Your instructions
What should be copied is the stretch of entries below from the line with "wide view of" up to and including the line with "Mexico, Silvia Herrera, Gesha Natural", exactly and without images.
----------
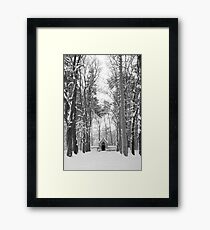 tomb Framed Print
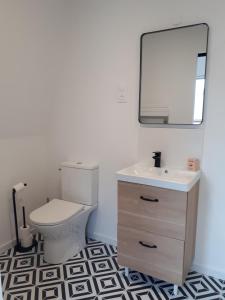 La salle de bains est pourvue de toilettes, d'un lavabo et d'un miroir. dans l'établissement "Au pied du Beffroi" - Superbe emplacement, à Arras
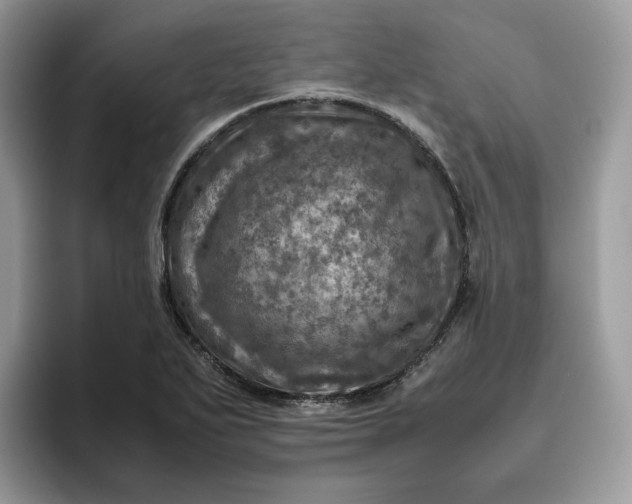X0000095941271200801251103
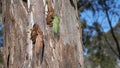 wide view of two color forms of cicada, a green cicada and a brown cicada Royalty Free Stock Photo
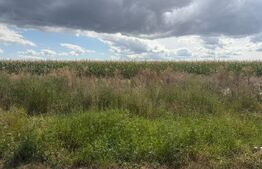 Teren de vânzare, 1.800 mp, zona Turda Cartier Primăverii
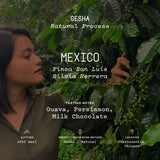 Mexico, Silvia Herrera, Gesha Natural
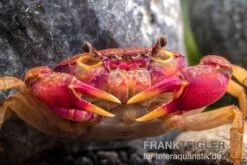 Lila Süßwasserkrabbe, Globithelphusa "indian Lilac" 15 Lila Süßwasserkrabbe, Globithelphusa "indian Lilac" -Bestes Reptilien Geschäft Suesswasserkrabbe Globithelphusa indian lilac n3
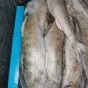 судак и вся  речная рыба в ассортименте в Самаре и Самарской области
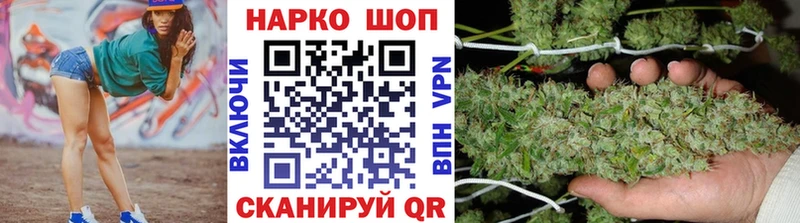 А ПВП Купино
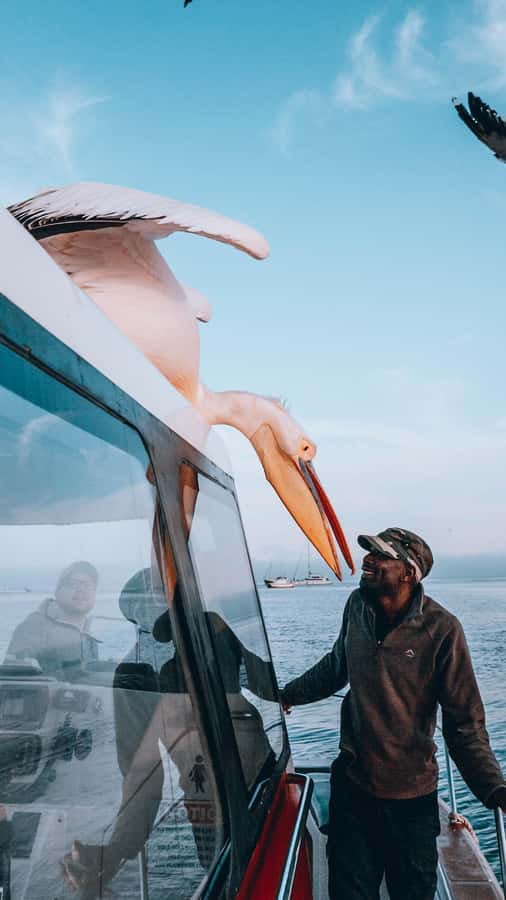 Walvis Bay: Dolphin Cruise, Pink Lakes and 4x4 Dune Drive - Food, drinks, and the little extras that make it feel special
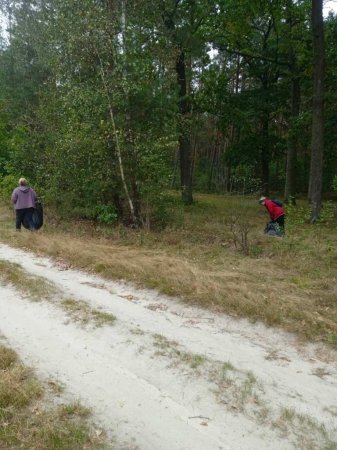 Колегіумівці долучилися до Всесвітнього дня прибирання 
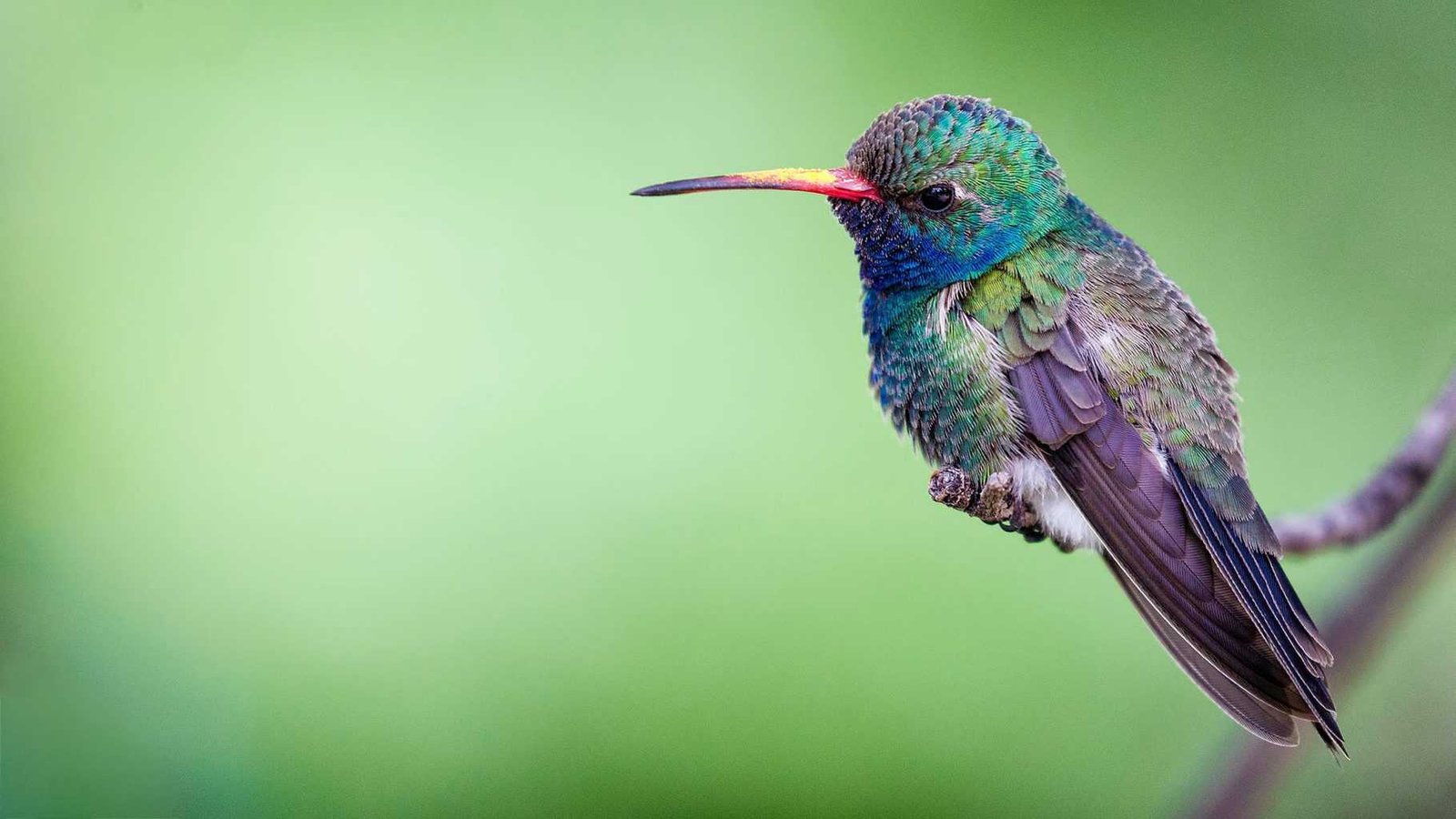 hummingbird in spanish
----------
Task solution
 wide view of two color forms of cicada, a green cicada and a brown cicada Royalty Free Stock Photo
 Teren de vânzare, 1.800 mp, zona Turda Cartier Primăverii
 Mexico, Silvia Herrera, Gesha Natural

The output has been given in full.